But the thick, high-register voice of Saddam Hussein was
unmistakable. In audio recordings made years ago and played 10 days
after his hanging, Mr. Hussein was heard justifying the use of chemical
weapons against the Iraqi Kurds in the late 1980s, predicting they would
kill "thousands" and saying he alone among Iraq's leaders had the
authority to order chemical attacks.
In the history of prosecutions against some of the last century's
grimmest men, there can rarely have been a moment that so starkly caught
a despot's unpitying nature. On one recording, Mr. Hussein presses the
merits of chemical weapons on Izzat Ibrahim al-Douri, his
vice-president, and now, the Americans believe, the fugitive leader of
the Sunni insurgency that has tied down thousands of American troops.
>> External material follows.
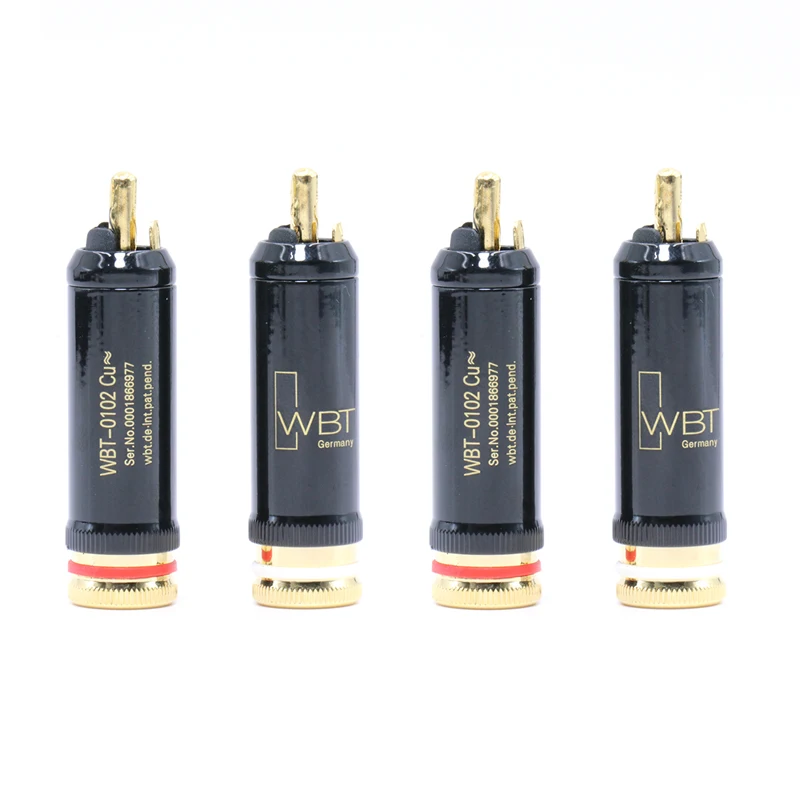4 шт./лот WBT-0102 Cu Nextgen медь RCA вилки разъем, HIFI аудио сигнал провода RCA адаптер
Mr. Douri, a notorious hard-liner, asks whether chemical attacks will
be effective against civilian populations, and suggests that they might
stir an international outcry.
"Yes, they're very effective if people don't wear masks," Mr. Hussein
replies.
"You mean they will kill thousands?" Mr. Douri asks.
"Yes, they will kill thousands," Mr. Hussein says.
Before he was hanged Dec. 30 for offenses in another case, Mr.
Hussein had used the so-called Anfal trial, involving the massacre of as
many as 180,000 Iraqi Kurds, as a platform for arguing that the chemical
weapons attacks of the kind that devastated the town of Halabja on March
16, 1988, were carried out by Iranian forces then fighting Iraq in an
eight-year war.
But the recordings told another story. Court officials gave no hint
as to how they obtained the recordings, which Iraqis familiar with Mr.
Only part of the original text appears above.